*EXERCISE REQUIREMENTS*: Look for the line containing "CLUTCH brake disc" and the line containing "Cardans centraux avant" in the entries below. Copy those two and all lines between them exactly, leaving out pictures.

========================================================================

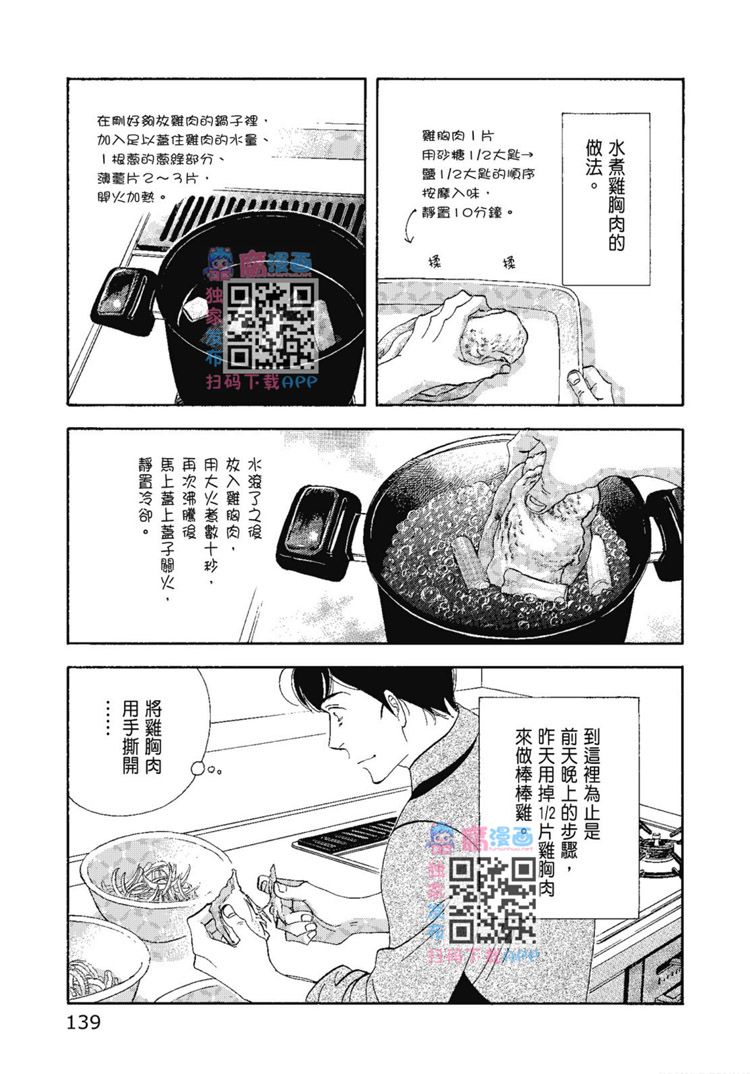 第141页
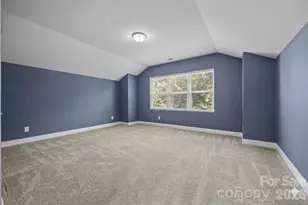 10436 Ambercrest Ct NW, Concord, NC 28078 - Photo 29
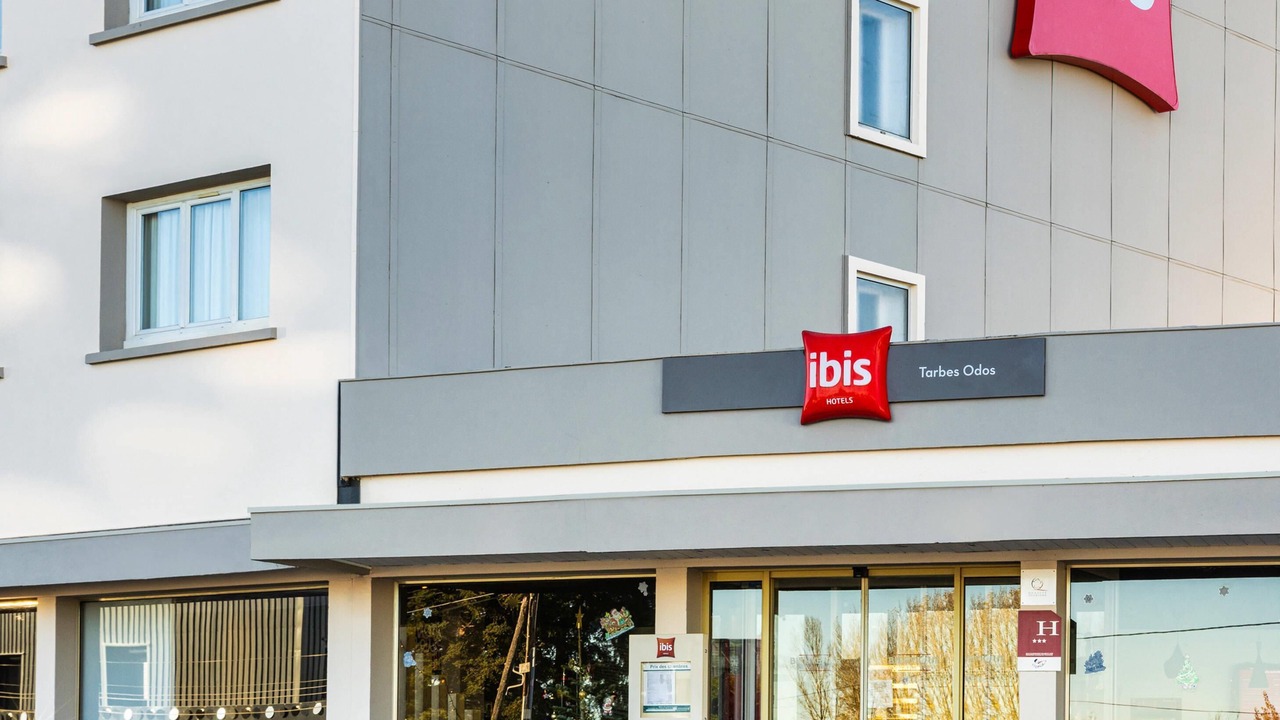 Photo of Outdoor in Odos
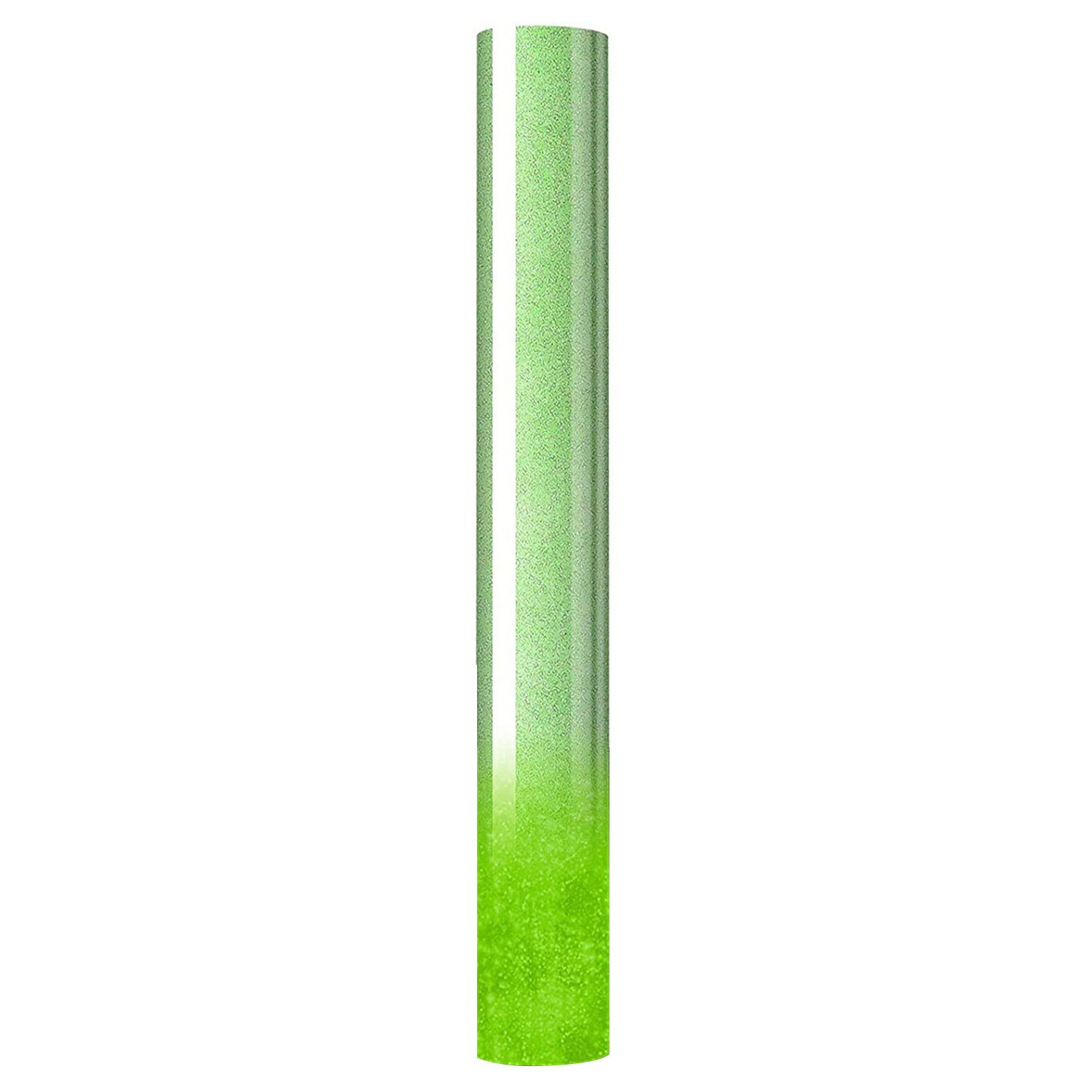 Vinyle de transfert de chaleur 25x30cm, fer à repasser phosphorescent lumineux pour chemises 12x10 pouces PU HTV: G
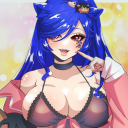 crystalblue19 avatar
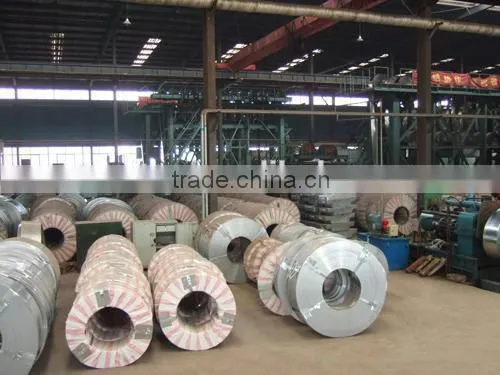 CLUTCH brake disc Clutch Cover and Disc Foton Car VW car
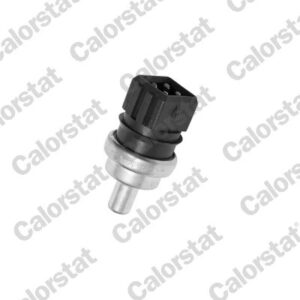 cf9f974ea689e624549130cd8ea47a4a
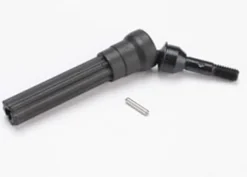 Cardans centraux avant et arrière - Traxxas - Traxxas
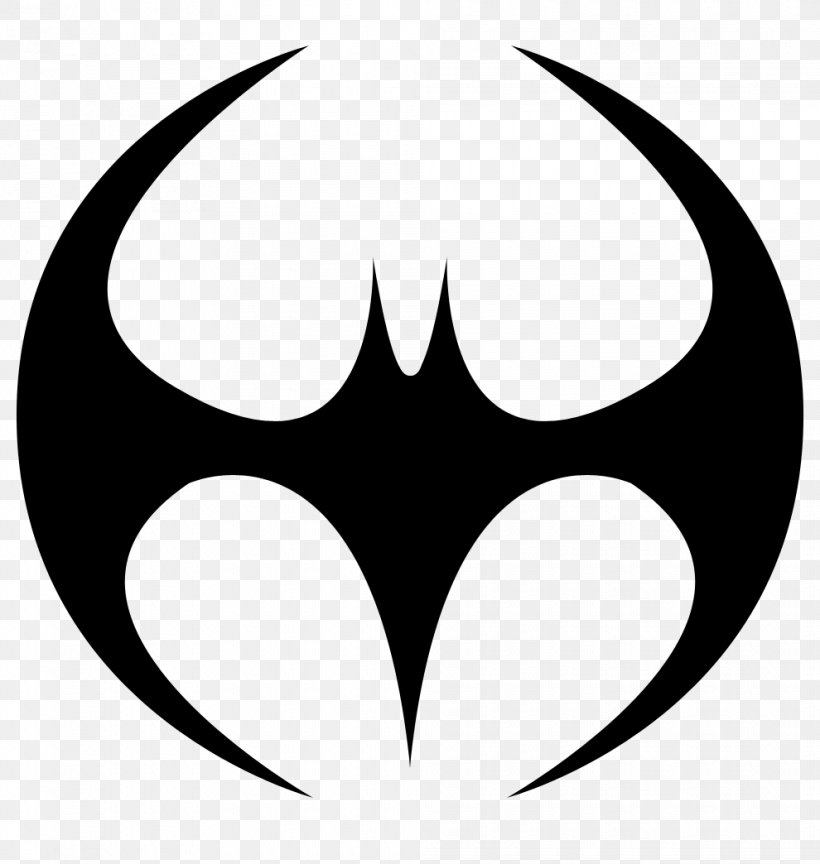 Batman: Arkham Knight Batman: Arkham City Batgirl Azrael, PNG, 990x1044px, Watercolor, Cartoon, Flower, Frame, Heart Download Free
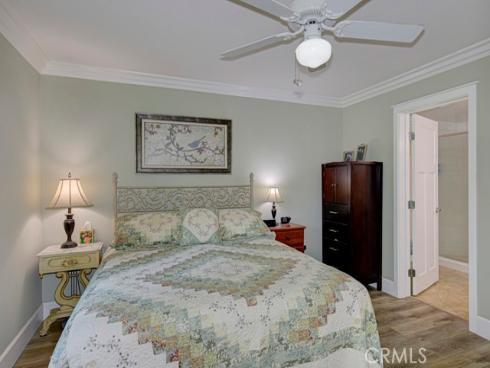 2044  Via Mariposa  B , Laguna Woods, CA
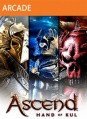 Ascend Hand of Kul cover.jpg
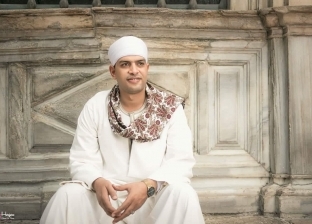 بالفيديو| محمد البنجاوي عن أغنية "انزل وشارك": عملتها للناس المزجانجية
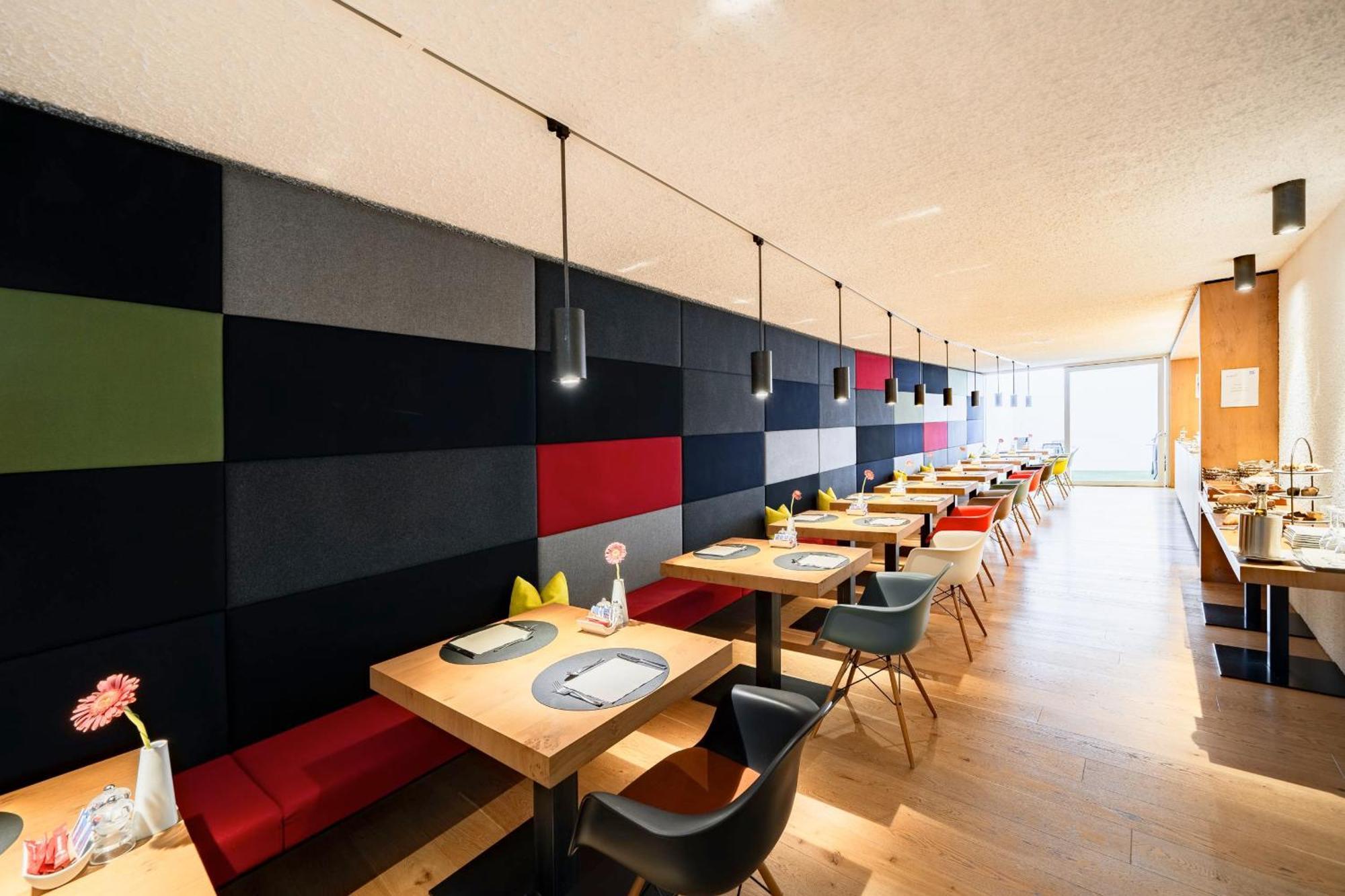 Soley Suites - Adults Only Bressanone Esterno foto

========================================================================

*RESPONSE FOR THIS EXERCISE*:
 CLUTCH brake disc Clutch Cover and Disc Foton Car VW car
 cf9f974ea689e624549130cd8ea47a4a
 Cardans centraux avant et arrière - Traxxas - Traxxas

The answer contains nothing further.